Durham Files Response to Sussmann’s Motion to Strike Paragraphs From Case

Durham Files Response to Sussmann’s Motion to Strike Paragraphs From Case
Connecticut's U.S. Attorney John Durham in 2018. U.S. Department of Justice via AP
Updated:

Special counsel John Durham, who is probing the origins of the counterintelligence investigation against Donald Trump’s campaign, filed late Thursday a response to former Hillary Clinton campaign lawyer Michael Sussmann’s motion to strike six paragraphs from Durham’s case against him.

Sussmann filed a motion (pdf) on Feb. 14 to strike six paragraphs that comprise the “Factual Background” section in Durham’s filing on Feb. 11.
Durham’s filing alleged that Trump’s residences and the White House were spied on by a tech executive aligned with the Democratic Party, who is identified in reports as Rodney Joffe.

Sussmann wrote in his Feb. 14 motion to strike, “Given the Special Counsel’s pattern of including unnecessary prejudicial material in public filings, there can be no doubt that the superfluous ‘Factual Background’ in the Special Counsel’s motion is intended to further politicize this case, inflame media coverage, and taint the jury pool.”

He said that “[a]pproximately half of this Factual Background provocatively—and misleadingly—describes for the first time Domain Name System (‘DNS’) traffic potentially associated with former President Donald Trump, including data at the Executive Office of the President (‘EOP’), that was allegedly presented to Agency-2 in February 2017.”

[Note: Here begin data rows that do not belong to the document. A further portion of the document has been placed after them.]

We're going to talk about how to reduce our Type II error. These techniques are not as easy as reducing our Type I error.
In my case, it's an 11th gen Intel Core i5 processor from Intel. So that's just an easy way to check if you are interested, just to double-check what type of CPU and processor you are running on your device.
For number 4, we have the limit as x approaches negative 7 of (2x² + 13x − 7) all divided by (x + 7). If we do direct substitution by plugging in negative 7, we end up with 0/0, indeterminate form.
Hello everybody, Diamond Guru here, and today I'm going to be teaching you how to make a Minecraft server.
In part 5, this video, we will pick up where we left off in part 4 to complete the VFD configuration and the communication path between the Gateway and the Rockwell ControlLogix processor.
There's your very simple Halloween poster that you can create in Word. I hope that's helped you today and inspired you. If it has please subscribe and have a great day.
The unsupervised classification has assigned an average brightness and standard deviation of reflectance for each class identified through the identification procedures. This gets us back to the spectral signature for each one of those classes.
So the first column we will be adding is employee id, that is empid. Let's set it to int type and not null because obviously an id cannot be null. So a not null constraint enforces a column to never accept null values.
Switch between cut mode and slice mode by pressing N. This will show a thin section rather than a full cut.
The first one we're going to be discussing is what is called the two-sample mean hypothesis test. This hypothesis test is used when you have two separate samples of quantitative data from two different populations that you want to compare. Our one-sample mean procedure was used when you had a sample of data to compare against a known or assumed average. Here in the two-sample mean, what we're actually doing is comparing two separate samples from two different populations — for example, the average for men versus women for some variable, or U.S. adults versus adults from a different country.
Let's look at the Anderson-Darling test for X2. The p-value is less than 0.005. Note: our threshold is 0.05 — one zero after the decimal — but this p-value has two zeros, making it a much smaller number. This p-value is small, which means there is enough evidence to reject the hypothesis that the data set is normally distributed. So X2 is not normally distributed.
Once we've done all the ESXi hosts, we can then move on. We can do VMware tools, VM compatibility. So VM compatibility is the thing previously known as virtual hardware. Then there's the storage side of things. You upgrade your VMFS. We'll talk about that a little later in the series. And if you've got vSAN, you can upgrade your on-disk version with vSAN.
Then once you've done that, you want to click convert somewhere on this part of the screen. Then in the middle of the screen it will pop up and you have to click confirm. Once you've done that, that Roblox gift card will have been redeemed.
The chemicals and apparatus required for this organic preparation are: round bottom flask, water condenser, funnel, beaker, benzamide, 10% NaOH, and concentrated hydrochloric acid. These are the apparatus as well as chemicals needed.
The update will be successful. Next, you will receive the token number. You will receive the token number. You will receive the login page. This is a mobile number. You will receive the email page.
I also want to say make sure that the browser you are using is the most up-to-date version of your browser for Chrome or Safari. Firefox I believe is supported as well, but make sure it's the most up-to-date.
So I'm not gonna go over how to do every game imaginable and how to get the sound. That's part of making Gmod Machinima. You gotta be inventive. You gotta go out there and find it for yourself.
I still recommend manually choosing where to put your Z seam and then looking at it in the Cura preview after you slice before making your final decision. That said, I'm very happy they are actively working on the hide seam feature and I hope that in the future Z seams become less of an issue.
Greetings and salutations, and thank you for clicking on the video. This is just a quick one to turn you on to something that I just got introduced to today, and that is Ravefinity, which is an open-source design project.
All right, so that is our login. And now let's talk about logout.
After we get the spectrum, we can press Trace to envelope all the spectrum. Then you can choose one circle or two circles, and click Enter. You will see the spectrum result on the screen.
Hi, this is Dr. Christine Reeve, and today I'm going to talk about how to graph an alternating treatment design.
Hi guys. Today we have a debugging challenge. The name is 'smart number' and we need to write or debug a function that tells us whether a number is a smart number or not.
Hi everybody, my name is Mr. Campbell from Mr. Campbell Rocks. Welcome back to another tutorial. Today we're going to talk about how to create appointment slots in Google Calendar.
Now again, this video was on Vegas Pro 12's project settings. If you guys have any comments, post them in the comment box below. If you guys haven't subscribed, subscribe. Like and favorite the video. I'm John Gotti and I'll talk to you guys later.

He continued: “These allegations were not included in the Indictment; these allegations post-date the single false statement that was charged in the Indictment; and these allegations were not necessary to identify any of the potential conflicts of interest with which the Motion is putatively concerned. Why then include them? The question answers itself.”

The indictment to which Sussmann referred is the filing from Durham in September 2021 (pdf). There, Durham alleged that Sussmann had told then-FBI General Counsel James Baker in September 2016 that he wasn’t working for any client when he met with Baker to provide information that purported to connect the Trump Organization to a Russian bank. The information has since been debunked.
Durham said in his filing on Thursday (pdf) that the court should deny Sussmann’s motion to strike the six paragraphs. He said it is “simply not true” that his office “intentionally sought to politicize this case, inflame media coverage, and taint the jury pool.”

Durham said that two paragraphs of “limited additional factual detail” had been included in the motion “for valid and straightforward reasons.”

“First, those paragraphs reflect conduct that is intertwined with, and part of, events that are central to proving the defendant’s alleged criminal conduct,” Durham wrote. “Second, the Government included these paragraphs to apprise the Court of the factual basis for one of the potential conflicts described in the Government’s Motion, namely, that a member of the defense team was working for the Executive Office of the President of the United States (‘EOP’) during relevant events that involved the EOP.”

Durham said that if media outlets or third parties had misinterpreted or misrepresented facts in his motion against Sussmann, “that does not in any way undermine the valid reasons for the Government’s inclusion of this information.”

As such, “there is no basis to strike any portion of the Government’s Motion,” Durham wrote, adding that the government intends to file motions “in which it will further discuss these and other pertinent facts to explain why they constitute relevant and admissible evidence at trial.”

Durham’s response comes slightly after Sussmann filed a separate motion on the same day to dismiss Durham’s case against him. Sussmann’s lawyers said the case is one of “extraordinary prosecutorial overreach.”